● **TASK PROMPT**
Below are lines of data, and only some are wanted. Please repeat exactly those from the line that has "mapa Blachownia, Blachownia na mapie Targeo" through the line that has "Red studio background.".

====== EXERCISE INPUT

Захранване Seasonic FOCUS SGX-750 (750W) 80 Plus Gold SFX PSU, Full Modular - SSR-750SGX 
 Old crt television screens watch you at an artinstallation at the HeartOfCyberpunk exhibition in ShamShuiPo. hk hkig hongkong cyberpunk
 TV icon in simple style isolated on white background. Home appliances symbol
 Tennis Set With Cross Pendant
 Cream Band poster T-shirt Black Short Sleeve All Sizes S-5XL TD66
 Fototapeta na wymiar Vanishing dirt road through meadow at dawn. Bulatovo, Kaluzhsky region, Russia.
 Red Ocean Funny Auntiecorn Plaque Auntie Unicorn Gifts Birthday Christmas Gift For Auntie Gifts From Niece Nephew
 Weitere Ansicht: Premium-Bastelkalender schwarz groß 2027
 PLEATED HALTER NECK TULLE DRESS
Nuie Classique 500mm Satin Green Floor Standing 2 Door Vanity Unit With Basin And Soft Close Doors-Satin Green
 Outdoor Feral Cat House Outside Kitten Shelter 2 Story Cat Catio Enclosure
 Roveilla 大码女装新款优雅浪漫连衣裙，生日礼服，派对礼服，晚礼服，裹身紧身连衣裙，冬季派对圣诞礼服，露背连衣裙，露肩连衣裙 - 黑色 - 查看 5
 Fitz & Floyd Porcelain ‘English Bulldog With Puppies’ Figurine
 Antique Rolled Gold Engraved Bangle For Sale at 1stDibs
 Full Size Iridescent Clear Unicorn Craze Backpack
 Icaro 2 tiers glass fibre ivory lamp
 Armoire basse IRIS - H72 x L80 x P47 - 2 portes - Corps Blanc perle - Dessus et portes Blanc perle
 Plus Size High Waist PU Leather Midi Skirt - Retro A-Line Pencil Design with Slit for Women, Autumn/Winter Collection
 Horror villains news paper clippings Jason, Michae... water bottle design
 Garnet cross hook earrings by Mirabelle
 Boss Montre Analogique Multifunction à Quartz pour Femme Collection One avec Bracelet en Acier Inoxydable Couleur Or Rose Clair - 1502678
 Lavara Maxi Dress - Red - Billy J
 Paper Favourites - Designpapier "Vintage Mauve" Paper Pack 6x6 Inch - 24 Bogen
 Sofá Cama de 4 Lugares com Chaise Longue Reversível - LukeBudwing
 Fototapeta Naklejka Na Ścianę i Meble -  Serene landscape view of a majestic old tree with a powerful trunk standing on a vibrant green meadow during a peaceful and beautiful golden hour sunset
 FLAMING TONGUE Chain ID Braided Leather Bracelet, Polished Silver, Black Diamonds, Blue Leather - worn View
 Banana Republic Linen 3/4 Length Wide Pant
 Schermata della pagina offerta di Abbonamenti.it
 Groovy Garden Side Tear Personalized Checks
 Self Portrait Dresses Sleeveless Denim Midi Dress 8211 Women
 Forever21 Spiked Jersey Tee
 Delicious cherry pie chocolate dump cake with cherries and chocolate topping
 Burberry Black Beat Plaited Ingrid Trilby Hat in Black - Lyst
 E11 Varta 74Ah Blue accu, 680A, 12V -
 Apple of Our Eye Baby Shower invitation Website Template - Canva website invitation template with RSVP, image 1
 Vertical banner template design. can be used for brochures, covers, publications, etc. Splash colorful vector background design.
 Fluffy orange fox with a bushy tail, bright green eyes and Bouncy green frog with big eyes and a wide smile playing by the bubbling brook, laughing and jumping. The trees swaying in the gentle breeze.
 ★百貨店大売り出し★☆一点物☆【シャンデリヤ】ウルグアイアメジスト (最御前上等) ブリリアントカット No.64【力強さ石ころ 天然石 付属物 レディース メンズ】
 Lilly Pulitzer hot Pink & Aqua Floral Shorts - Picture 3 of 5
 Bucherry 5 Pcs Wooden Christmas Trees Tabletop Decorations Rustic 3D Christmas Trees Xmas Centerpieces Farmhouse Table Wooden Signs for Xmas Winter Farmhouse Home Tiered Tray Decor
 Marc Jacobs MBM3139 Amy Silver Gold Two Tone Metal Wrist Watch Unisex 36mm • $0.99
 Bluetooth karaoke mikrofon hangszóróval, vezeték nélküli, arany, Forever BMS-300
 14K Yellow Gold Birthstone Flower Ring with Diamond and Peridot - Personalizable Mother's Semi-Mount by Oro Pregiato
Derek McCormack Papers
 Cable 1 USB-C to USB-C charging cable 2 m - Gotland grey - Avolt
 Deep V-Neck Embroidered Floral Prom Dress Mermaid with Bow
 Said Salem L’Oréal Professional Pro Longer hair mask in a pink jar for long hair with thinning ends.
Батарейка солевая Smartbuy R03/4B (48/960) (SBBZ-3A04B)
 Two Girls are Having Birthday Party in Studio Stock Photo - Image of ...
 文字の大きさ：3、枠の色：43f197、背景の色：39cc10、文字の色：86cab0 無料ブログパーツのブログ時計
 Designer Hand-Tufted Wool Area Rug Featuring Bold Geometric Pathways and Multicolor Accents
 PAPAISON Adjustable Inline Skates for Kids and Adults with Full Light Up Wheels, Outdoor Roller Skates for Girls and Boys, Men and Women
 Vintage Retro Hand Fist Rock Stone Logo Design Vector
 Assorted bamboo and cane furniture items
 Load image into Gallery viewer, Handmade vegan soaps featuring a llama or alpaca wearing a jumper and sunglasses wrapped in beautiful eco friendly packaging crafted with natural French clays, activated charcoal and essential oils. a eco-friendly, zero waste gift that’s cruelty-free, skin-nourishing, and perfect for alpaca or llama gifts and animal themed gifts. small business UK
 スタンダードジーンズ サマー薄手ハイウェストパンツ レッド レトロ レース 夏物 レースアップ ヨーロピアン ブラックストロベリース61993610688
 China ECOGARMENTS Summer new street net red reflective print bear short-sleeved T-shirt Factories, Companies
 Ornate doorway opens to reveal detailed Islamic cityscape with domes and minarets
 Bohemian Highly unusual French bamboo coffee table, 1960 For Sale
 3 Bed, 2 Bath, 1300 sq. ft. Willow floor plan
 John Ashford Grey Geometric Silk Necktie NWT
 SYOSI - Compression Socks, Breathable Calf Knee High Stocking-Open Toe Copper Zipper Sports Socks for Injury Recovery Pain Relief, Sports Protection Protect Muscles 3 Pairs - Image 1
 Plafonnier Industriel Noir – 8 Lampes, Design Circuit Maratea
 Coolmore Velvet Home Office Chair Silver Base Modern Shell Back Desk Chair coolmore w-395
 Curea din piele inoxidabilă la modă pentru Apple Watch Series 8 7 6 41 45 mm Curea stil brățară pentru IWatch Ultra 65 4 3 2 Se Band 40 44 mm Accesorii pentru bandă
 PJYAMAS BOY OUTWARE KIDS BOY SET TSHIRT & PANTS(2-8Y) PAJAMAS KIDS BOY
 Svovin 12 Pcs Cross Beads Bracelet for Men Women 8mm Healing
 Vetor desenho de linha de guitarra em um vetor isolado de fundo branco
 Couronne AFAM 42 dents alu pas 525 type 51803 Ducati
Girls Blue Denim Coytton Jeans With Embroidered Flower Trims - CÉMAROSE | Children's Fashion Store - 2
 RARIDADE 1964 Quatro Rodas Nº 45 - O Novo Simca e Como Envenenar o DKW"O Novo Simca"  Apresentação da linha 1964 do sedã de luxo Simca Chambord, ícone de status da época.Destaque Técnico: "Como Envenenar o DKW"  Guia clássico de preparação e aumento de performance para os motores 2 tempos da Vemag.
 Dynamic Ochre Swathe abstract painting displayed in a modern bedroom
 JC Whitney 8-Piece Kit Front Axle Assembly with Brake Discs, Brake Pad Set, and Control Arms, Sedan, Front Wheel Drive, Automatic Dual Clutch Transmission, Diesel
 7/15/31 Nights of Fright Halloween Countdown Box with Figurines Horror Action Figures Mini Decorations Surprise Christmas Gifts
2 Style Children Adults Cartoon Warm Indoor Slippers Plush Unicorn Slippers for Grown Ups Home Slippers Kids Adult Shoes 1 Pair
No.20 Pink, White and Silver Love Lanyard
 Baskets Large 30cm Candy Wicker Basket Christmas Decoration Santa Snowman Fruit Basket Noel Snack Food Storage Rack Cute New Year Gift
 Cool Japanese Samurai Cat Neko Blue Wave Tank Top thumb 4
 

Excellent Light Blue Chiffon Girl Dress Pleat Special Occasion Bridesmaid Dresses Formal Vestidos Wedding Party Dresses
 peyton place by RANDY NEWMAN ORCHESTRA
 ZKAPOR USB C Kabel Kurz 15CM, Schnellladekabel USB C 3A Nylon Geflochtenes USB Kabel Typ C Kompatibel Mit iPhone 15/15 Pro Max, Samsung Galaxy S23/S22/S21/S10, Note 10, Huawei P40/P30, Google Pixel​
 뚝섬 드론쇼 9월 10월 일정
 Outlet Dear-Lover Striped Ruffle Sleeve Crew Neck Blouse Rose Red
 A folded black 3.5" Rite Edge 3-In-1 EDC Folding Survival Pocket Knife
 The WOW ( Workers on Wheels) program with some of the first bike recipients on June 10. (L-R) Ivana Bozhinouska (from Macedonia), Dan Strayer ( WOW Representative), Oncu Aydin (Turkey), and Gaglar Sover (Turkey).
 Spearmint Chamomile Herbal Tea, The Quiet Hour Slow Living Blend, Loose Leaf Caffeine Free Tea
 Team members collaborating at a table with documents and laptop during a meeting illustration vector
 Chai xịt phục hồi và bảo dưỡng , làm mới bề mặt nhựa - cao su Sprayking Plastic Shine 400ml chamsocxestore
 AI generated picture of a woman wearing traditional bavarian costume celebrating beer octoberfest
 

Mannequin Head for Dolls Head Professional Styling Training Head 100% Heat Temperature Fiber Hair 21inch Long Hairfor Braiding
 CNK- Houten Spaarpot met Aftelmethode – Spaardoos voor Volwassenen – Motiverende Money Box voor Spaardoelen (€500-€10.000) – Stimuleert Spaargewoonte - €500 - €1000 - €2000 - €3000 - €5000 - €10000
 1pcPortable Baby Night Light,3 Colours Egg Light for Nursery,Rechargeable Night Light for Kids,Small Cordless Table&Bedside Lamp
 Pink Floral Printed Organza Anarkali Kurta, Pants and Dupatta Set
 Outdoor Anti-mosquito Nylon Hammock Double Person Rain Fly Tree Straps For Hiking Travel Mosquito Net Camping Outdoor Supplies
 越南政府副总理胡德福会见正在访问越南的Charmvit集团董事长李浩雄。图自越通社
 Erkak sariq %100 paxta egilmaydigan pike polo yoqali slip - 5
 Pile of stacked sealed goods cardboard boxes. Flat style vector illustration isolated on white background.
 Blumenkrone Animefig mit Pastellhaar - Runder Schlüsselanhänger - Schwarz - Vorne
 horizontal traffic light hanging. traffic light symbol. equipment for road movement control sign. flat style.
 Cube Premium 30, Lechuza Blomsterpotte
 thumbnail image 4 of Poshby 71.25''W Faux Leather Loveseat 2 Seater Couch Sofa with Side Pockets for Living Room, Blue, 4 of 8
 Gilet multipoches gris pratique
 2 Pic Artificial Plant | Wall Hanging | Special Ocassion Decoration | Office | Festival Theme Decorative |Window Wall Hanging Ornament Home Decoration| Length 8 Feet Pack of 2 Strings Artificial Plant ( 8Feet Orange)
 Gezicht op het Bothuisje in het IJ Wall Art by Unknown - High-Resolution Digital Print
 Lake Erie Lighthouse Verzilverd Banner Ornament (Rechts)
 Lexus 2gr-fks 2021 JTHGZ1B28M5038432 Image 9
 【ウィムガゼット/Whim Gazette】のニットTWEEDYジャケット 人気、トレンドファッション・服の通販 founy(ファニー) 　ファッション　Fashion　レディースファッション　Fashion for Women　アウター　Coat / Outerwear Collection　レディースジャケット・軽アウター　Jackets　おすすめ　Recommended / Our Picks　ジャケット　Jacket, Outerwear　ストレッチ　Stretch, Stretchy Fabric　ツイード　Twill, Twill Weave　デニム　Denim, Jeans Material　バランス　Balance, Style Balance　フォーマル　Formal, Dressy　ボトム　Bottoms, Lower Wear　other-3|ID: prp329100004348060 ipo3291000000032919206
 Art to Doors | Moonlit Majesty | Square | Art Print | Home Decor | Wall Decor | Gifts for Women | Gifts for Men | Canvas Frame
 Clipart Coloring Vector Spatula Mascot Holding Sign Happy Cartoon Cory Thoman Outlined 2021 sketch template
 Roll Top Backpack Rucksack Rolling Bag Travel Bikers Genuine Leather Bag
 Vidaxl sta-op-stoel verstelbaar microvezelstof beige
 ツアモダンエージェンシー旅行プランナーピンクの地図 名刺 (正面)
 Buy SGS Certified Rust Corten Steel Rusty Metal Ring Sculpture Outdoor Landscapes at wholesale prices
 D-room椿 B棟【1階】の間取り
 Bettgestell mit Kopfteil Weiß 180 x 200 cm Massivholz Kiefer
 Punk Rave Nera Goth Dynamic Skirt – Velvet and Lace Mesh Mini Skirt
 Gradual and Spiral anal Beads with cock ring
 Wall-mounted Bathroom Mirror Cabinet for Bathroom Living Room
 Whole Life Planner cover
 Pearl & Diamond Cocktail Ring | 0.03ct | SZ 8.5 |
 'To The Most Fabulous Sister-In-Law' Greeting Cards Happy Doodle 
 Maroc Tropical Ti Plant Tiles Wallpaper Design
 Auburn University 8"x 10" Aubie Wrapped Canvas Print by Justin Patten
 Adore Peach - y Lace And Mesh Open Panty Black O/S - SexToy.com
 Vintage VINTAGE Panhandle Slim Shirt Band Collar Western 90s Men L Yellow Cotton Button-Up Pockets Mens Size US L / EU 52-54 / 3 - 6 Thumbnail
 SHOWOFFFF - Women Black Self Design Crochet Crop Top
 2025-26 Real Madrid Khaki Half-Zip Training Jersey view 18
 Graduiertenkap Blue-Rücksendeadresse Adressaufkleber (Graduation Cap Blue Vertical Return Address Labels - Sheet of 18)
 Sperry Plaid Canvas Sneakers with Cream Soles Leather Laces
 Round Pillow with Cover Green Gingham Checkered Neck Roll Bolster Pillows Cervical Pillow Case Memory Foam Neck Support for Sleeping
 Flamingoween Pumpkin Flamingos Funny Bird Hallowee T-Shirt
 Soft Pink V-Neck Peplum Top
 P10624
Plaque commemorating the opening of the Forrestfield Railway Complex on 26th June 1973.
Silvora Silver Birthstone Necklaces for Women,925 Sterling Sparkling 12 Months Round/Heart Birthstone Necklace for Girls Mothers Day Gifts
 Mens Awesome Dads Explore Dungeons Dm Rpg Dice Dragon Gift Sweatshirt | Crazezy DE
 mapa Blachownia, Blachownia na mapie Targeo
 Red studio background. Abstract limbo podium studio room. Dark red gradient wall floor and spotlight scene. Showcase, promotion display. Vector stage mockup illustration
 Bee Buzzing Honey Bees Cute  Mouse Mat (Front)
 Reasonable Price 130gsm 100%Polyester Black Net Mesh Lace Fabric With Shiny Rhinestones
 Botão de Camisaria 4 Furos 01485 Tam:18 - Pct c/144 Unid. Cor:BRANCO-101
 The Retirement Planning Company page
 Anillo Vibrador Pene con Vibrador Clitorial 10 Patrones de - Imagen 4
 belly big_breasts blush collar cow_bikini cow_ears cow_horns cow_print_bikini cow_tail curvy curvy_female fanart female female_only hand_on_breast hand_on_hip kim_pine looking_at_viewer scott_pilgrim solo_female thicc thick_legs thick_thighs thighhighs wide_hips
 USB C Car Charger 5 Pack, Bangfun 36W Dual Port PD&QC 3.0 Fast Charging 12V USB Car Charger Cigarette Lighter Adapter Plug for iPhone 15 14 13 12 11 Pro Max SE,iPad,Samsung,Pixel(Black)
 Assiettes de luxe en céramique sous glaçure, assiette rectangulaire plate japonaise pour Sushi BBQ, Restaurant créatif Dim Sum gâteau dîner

============

● **EXERCISE RESULT**
 mapa Blachownia, Blachownia na mapie Targeo
 Red studio background. Abstract limbo podium studio room. Dark red gradient wall floor and spotlight scene. Showcase, promotion display. Vector stage mockup illustration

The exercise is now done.